The research team discovered that:
• 49 per cent of practices prescribed a total of 193 different homeopathic
remedies and 32 per cent prescribed 17 different herbal remedies.
• Five per cent of the practices included in the study prescribed 50 per cent
of the remedies and accounted for 46 per cent of the patients receiving
• 4160 patients (2.2 per 1000 registered patients) were prescribed at least
one homeopathic remedy during the study period. 73 per cent were female
and the average age of patients was 47.
• Children under 12 months were most likely to be prescribed a homeopathic
or herbal remedy (9.5 per 1000 children in that age group), followed by
adults aged 81-90 (4.5 per 1000). 16 per cent of homeopathic prescribing
was to children under 16.
• 361 patients were prescribed at least one herbal remedy during the study
period (0.2 per 1000 registered patients) and 12 per cent of these were
children under 16 years old. 72 per cent of prescriptions were issued to
females and the average age was 61.
• Doctors who prescribed patients a homeopathic remedy also prescribed
them a median of four conventional medicines during the study period.

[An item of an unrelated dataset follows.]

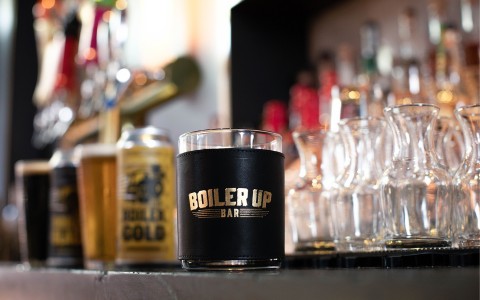 boiler up bar labeled cup with other drinks and glassware behind it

This figure went up to five for people prescribed herbal remedies.
• Four per cent of patients prescribed a herbal remedy were, at the same time, prescribed conventional medication that has been documented to
interact with herbal treatments.
• The top five prescribed homeopathic remedies were
Arnica montana (for injury, bruising),
Rhus toxicodendron (joint symptoms, headache)

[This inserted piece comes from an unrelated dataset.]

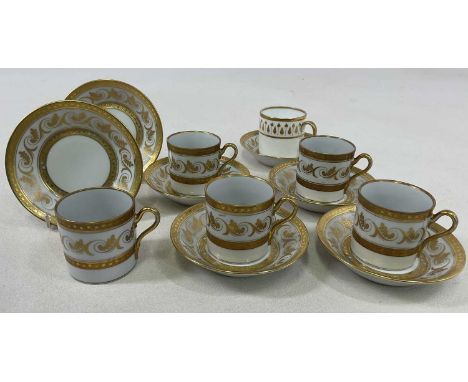 RICHARD GINORI; five gilt heightened coffee cans, six saucers and a further associated coffee can.   Condition Report: Some g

Cuprum metallicum (cramp, poor circulation)
Pulsatilla (PMT, menopausal symptoms, breast feeding problems) and
Sepia (PMT, menopausal symptoms, fatigue).
• The top five prescribed herbal remedies were:
Gentian (poor appetite, digestive problems),
Cranberry (urinary tract infection)
Digestodoron (indigestion, heartburn, constipation)
Evening primrose (PMT) and Laxadoron (constipation)
“Our study shows that a substantial number of Scottish family doctors prescribe homeopathic and herbal remedies” says co-author Dr James McLay
from the University’s Department of Medicine and herapeutics.
“This level of prescribing raises important questions about homeopathic and herbal provision in the UK’s National Health Service
“The major problem with homeopathic preparations is the lack of scientific evidence that they are effective.
“Given the rise of evidence-based medicine and the trend toward prescribing
guidance in the UK, should therapies with no convincing positive clinical trial evidence be prescribed and funded by the health service?
“Or are proponents of such remedies correct in stating that the difficulties inherent in trialling such therapies make evidence irrelevant.
“Whatever the arguments, our study shows an apparent acceptance of homeopathic and herbal medicine within primary care, including extensive use
in children and young babies. We believe that these findings underline the need for a critical review of this prescribing trend.”
“The research by the University of Aberdeen adds an important dimension to the ongoing debate about homeopathic remedies, as it shows what is actually happening at grass roots in Scottish general practice,” adds Dr Jeffrey
Aronson, Editor-in-Chief of the Journal and Reader in Clinical Pharmacology at Oxford University.
“In September 2006 the Medicines and Healthcare products Regulatory
Agency (MHRA) introduced new rules to regulate homeopathic medicines, allowing manufacturers to specify the ailments for which they can be used.
“This move has been criticised by a number of leading UK scientific institutions, who argue that homeopathic medicines should not be allowed to make ‘unsubstantiated health claims’ and that the policy is damaging to patients’ best interests.
“We hope that this paper will further inform the debate, as it provides clear evidence on prescribing patterns within the NHS and raises a number of important issues, particularly about prescribing homeopathic and herbal remedies to children.”